UNSW anthropologist joins Australian Academy of the Humanities

2025-12-03T09:00:00+11:00

Jennifer Biddle

Professor Jennifer Biddle

UNSW Media
UNSW Media,

Professor Jennifer Biddle has been recognised for her outstanding contributions to the humanities.

UNSW Professor Jennifer Biddle’s decades of research have led to her election as one of 30 new Fellows of the Australian Academy of the Humanities. Fellows are recognised as being among the country’s most influential thinkers for advancing knowledge and offering insights vital to Australia’s social, cultural and democratic life.

“It is an honour to be elected a FAHA (Fellow of the Australian Academy of Humanities) and stand alongside so many esteemed scholars, activists and artists,” Prof. Biddle says. “I am humbled and excited to join the critical work the Academy does during this sober period of global disparity, inequity and injustice.

“This recognition is due to life-long relationships I’ve had with Warlpiri in the Central Desert, as well as First Nations and Indigenous colleagues, artists and friends, whom I would like to acknowledge and thank directly for this award.”

For more than 30 years, Prof. Biddle has worked collaboratively with northern Warlpiri in Lajamanu in Central Australia on contemporary art, heritage and performance. Her research follows women artists and the art activism of the Western Desert art movement and recent experimental aesthetics. She has collaborated with select desert-based art and media centres, and with Turtle Island First Nations artists on transnational projects in immersive new media.

Her decades-long journey began with the study of linguistics. As an undergraduate, she enrolled in one of the few courses then offered on an Aboriginal language of Central Australia, Alyawarr – “the most difficult course I have ever taken”, she recalls.

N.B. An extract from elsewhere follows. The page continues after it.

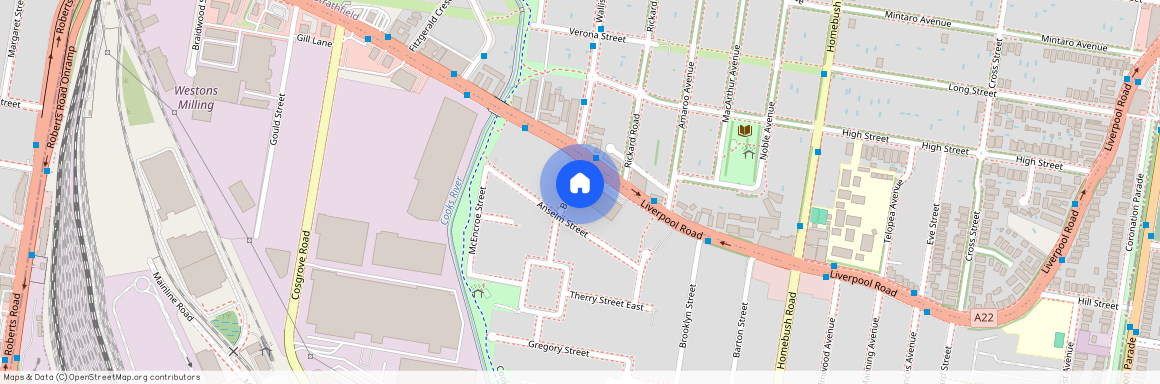 13/2-6 Bede Street Strathfield South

Later, as a PhD student, she studied Warlpiri language in Alice Springs and Yuendumu through the Institute of Aboriginal Development (IAD).

“The early IAD courses were extraordinary, not only about Warlpiri language but taught by Warlpiri people, speaking Warlpiri, on Warlpiri Country. To learn to speak vernacular Warlpiri as an outsider was inseparable from engaging with Warlpiri people on Warlpiri Country as sovereign experience and expression.”

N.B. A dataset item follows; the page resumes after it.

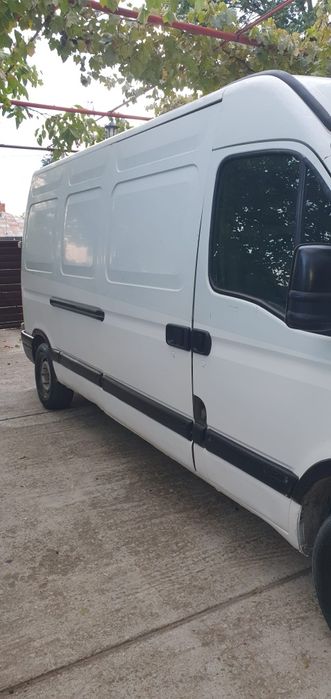Vand Renault Master 2.8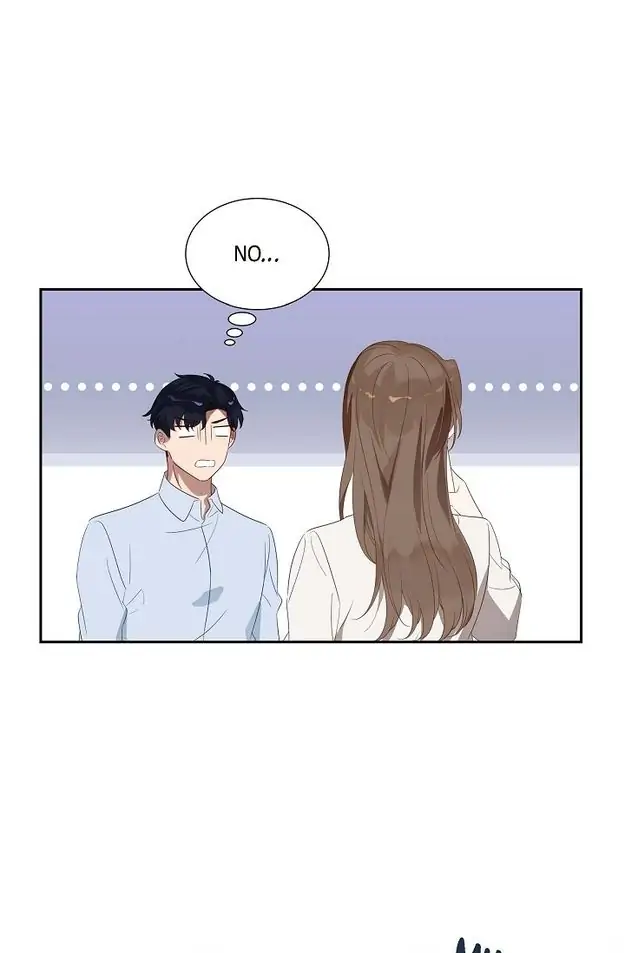 A Misogamist’s Romance Chapter 5 - page 60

Dean of UNSW Arts, Design & Architecture Professor Claire Annesley commended Prof. Biddle on her election as a Fellow.

“Prof. Biddle’s pioneering work in visual anthropology and Indigenous languages, art, culture, and aesthetics has not only advanced scholarship but also highlights the enduring importance of the humanities in shaping our understanding of the world,” Prof. Annesley says.

“I congratulate her on this prestigious and well-deserved recognition.”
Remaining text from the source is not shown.